1. Tyrannosaurus Rex
It doesn’t matter how many dinosaurs get cooked up in the Jurassic Park nursery, Tyrannosaurus rex will always be the most frightening. Practical-effects maestro Stan Winston is to thank for making Tyrannosaurus rex in Jurassic Park nightmare-inducing and beyond realistic because it was an animatronic. Its roar still makes you quake in your seat.
Tyrannosaurus rex’s grand appearance in Jurassic Park — in the dark, rain pounding against its scale-filled body — is unforgettable.

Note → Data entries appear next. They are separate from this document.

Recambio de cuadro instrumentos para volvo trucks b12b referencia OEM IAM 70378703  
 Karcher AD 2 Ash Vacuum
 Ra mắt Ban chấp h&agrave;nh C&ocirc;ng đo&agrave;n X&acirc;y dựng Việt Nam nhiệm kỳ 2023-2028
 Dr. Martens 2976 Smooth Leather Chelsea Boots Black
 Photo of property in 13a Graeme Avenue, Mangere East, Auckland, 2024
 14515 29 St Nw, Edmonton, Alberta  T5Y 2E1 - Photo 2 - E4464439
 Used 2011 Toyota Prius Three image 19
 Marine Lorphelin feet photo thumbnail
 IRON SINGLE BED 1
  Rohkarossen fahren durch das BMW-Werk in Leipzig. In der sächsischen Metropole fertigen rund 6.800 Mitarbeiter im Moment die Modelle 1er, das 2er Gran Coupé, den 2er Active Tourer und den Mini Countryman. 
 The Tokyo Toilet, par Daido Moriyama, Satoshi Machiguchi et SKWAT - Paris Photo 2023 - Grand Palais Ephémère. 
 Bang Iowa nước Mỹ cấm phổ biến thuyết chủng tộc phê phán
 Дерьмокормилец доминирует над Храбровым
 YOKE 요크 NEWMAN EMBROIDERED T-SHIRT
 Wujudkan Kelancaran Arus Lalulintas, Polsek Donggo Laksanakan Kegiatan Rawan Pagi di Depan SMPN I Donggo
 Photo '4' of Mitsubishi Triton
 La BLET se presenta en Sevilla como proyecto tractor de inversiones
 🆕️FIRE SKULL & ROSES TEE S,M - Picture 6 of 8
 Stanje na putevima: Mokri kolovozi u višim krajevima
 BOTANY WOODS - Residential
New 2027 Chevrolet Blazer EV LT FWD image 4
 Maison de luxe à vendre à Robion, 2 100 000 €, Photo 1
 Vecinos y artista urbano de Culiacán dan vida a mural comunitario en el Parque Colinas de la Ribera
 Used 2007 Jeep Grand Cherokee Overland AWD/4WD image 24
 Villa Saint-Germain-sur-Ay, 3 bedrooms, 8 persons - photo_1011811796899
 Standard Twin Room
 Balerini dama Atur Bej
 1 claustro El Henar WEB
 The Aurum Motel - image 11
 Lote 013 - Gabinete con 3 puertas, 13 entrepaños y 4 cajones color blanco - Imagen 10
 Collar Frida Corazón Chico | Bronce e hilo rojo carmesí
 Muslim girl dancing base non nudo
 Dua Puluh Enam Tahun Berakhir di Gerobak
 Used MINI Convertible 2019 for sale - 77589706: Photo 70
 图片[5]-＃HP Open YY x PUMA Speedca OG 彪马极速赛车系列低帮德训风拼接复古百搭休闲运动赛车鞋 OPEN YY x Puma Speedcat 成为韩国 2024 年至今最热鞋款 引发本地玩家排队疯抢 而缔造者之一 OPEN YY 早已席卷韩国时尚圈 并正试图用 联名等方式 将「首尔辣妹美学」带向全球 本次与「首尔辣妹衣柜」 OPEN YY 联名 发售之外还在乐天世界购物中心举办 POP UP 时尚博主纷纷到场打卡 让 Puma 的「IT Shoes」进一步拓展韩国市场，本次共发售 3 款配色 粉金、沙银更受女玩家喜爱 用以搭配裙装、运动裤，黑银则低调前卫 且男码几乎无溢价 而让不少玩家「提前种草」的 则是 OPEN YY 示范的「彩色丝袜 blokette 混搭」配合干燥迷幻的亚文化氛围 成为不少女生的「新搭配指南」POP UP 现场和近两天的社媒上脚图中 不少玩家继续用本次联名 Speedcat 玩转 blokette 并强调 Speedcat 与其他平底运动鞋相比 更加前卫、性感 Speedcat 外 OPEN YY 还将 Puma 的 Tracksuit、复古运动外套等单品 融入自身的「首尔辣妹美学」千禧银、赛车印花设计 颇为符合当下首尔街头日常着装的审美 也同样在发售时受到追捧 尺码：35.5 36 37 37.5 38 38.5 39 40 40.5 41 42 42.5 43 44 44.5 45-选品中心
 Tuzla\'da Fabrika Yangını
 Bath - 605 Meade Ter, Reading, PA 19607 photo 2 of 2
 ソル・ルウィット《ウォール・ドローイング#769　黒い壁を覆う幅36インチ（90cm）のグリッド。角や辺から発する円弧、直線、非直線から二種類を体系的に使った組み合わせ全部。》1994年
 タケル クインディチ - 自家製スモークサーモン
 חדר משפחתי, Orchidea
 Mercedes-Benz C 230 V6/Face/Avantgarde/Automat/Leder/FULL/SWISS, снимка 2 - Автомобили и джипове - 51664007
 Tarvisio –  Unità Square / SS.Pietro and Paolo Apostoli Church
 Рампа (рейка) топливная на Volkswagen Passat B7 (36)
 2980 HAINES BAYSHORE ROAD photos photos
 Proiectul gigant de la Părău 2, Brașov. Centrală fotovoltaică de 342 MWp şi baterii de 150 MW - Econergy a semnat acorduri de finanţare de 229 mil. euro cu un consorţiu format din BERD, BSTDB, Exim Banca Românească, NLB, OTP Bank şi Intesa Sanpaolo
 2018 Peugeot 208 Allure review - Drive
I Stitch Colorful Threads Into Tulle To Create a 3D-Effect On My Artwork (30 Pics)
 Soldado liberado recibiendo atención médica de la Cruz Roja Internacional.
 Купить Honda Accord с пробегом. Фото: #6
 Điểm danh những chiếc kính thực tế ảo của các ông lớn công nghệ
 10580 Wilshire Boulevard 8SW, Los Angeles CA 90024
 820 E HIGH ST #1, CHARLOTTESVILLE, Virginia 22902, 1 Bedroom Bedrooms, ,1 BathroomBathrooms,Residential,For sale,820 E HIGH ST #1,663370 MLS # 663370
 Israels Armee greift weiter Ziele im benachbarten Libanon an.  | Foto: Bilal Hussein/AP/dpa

When its sharp-teeth filled mouth breaks through the jeep’s moonroof, roaring desperately to devour the kids … your heart freezes and shivers run up your spine.
And when in pursuit of a jeep filled with tasty morsels, the warning that objects in your rearview mirror may appear closer than they are never made more sense. The sheer size of the Tyrannosaurus rex weakens your knees, even when it’s playing hero (an interesting twist in Jurassic Park sequels). Friend or foe, ruler of the land Tyrannosaurus rex gets your blood pumping with excitement and fear flows through your veins, while waiting to see its jaws claim a new victim.
The Great Dino Disappointment In Jurassic Park Movies
Sadly, Jurassic World: Fallen Kingdom didn’t feature a dinosaur to rival any on this list. The hybrid Indoraptor, featuring a genetic mix of the Indominus rex and Velociraptors, may have been more than 10-feet tall and feature a whip-smart brain but it never appeared terrifying. It was a big upset for Jurassic Park movie lovers, but perhaps Jurassic World 3 will deliver.
Until then, rewatch every Jurassic Park movie to enjoy the dino effects and see what still scares you. After all, dinosaurs will be free in Jurassic Park 3 and your nightmares capable of coming to life.